WHAT YOU ARE ASKED TO DO
Quote the records that follow in full, leaving the pictures out.

Captioned web images
++++++++++++++++++++
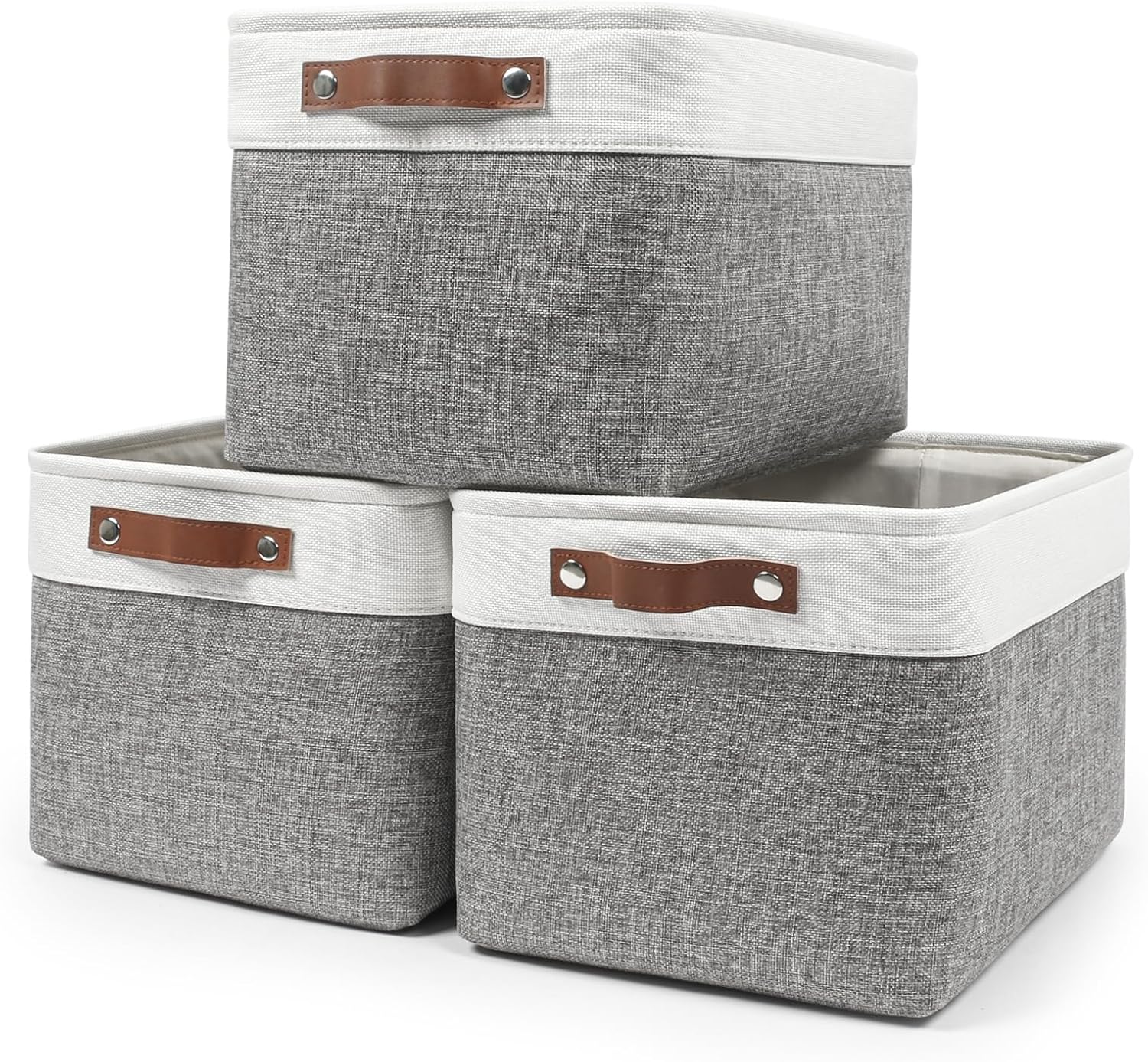 Bagnizer Large Fabric Storage Baskets for Shelves, 3 Pack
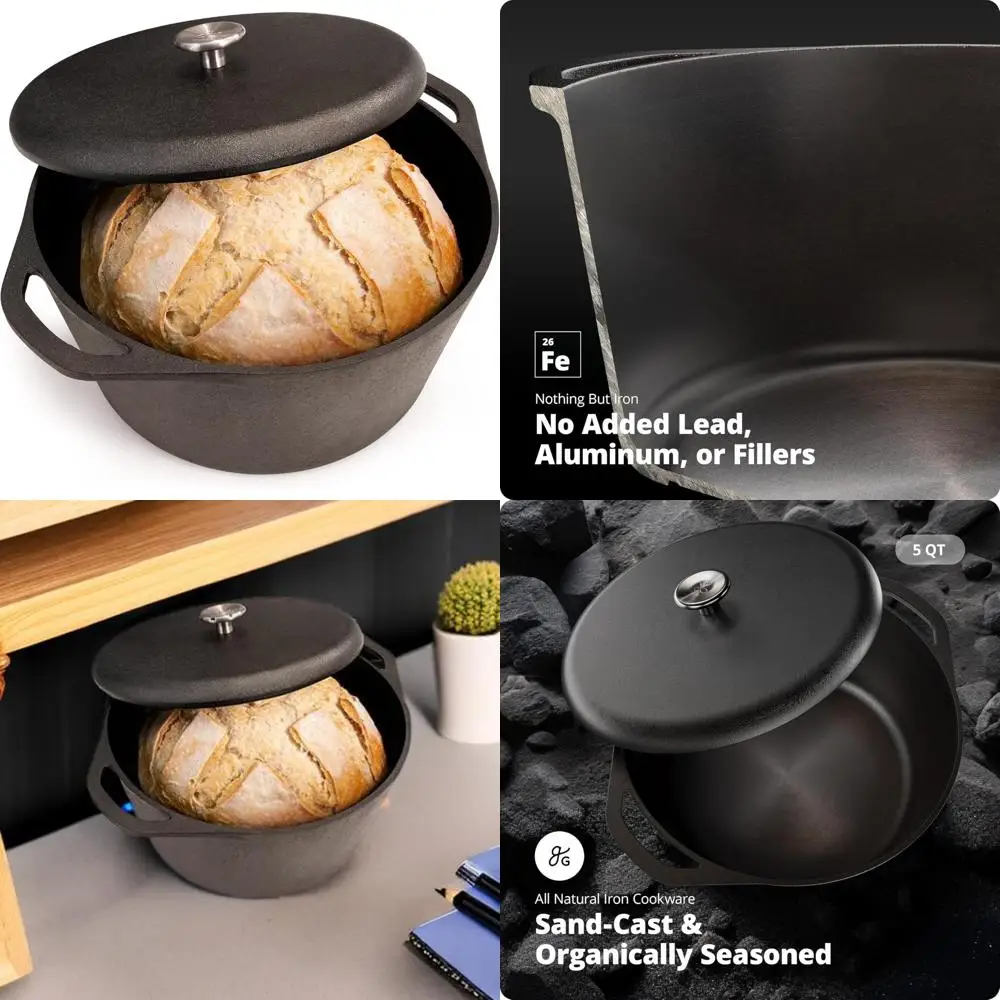 

10-дюймовая чугунная голландская духовка, 5 литров, сверхпрочная посуда с крышкой, идеально подходит для жарки и выпечки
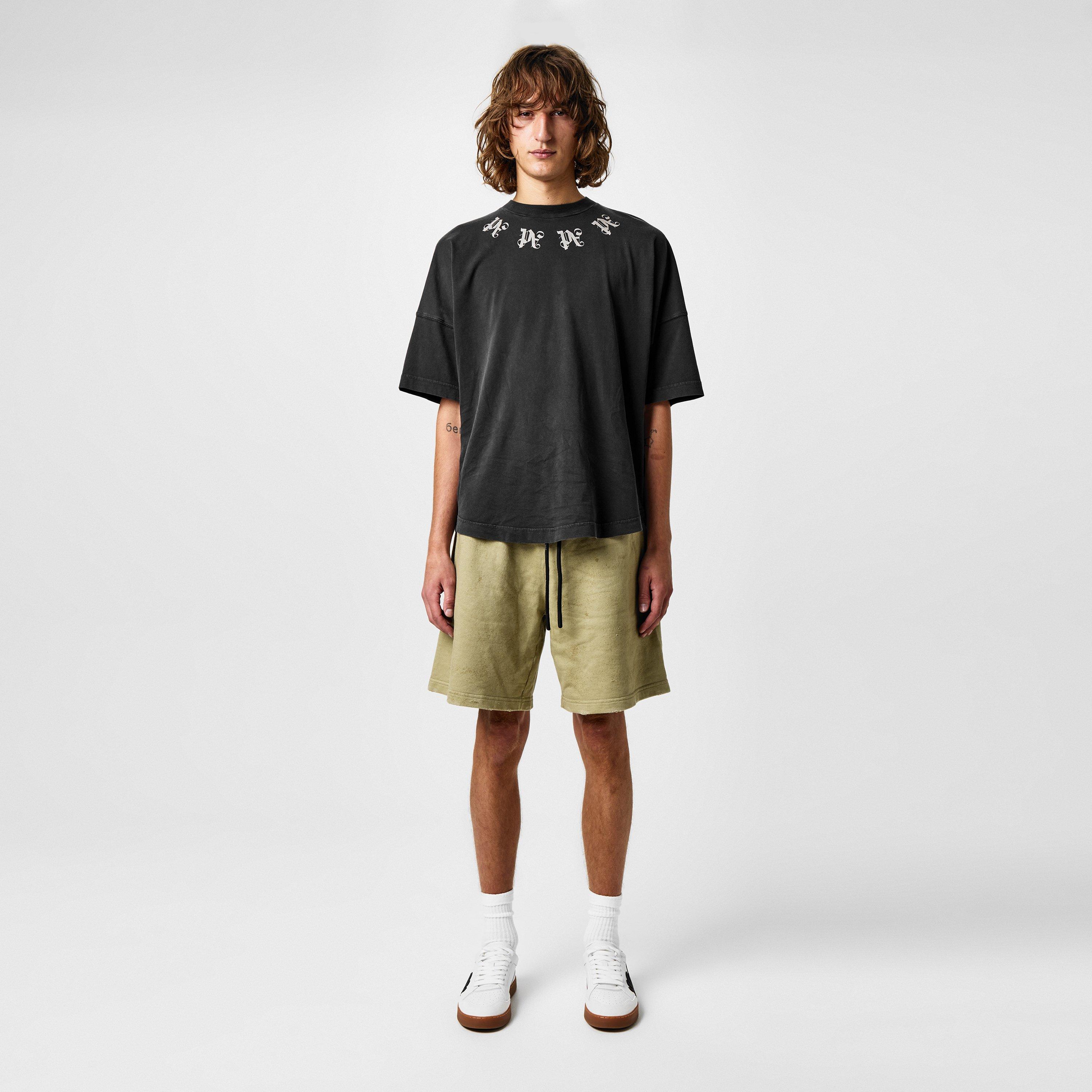 Black/Grey - Palm Angels - Statement Monogram T-Shirt - 6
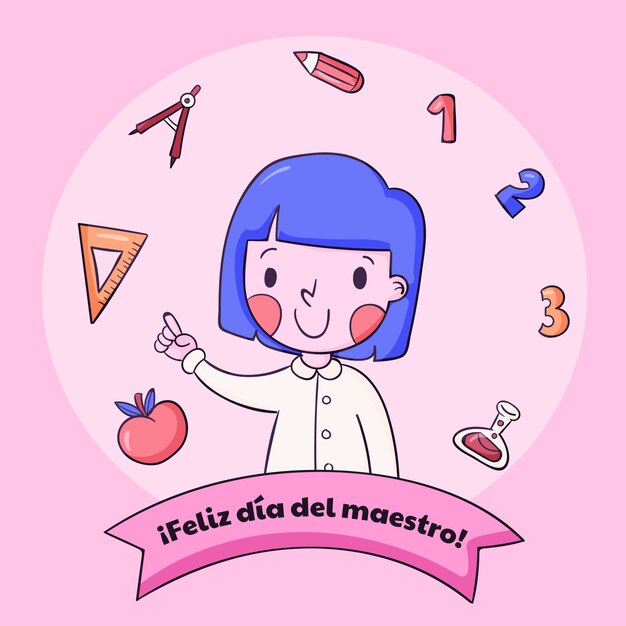 Ilustración del día del maestro dibujada a mano en español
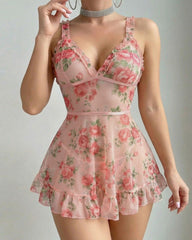 Deep V-neck Floral Print Sheer Mesh Ruffle Camisole Nightgown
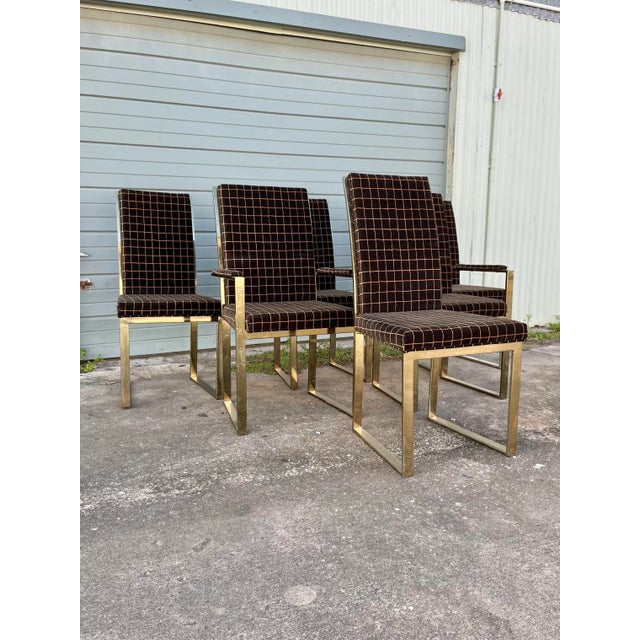 Milo Baughman for Comfort Designs Dining Chairs in a Black Motif With Gold Chrome. This is a complete set, including two...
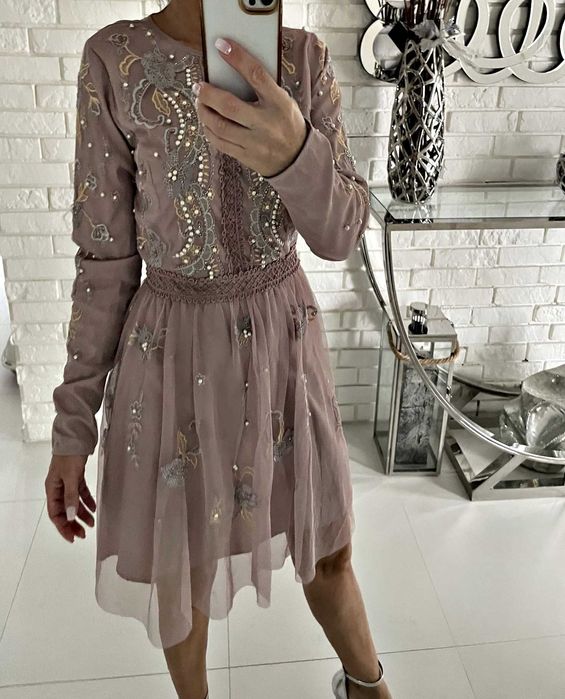 Przepiękna sukienka koraliki perełki L wesele ślub tiulowa asos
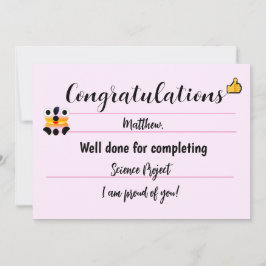 おめでとうカードかわいい顔 – ピンク シーズンカード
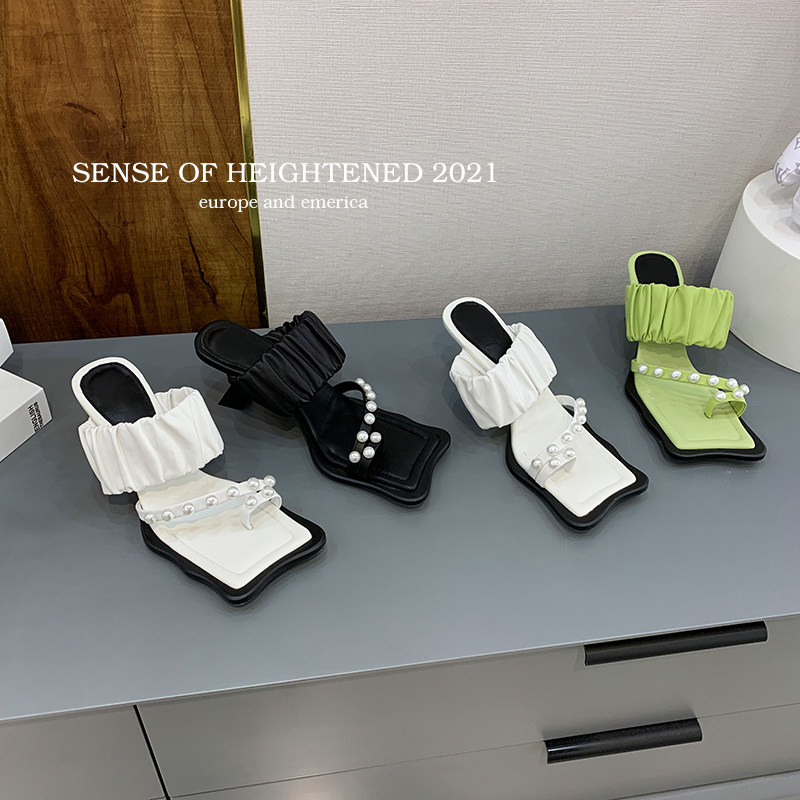 Ex Boyhood Toenails Pearls High Heel Sandals Women 2022 Summer New Fine Heel Flex Half Slippers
++++++++++++++++++++
TASK OUTPUT
 Bagnizer Large Fabric Storage Baskets for Shelves, 3 Pack

10-дюймовая чугунная голландская духовка, 5 литров, сверхпрочная посуда с крышкой, идеально подходит для жарки и выпечки
 Black/Grey - Palm Angels - Statement Monogram T-Shirt - 6
 Ilustración del día del maestro dibujada a mano en español
 Deep V-neck Floral Print Sheer Mesh Ruffle Camisole Nightgown
 Milo Baughman for Comfort Designs Dining Chairs in a Black Motif With Gold Chrome. This is a complete set, including two...
 Przepiękna sukienka koraliki perełki L wesele ślub tiulowa asos
 おめでとうカードかわいい顔 – ピンク シーズンカード
 Ex Boyhood Toenails Pearls High Heel Sandals Women 2022 Summer New Fine Heel Flex Half Slippers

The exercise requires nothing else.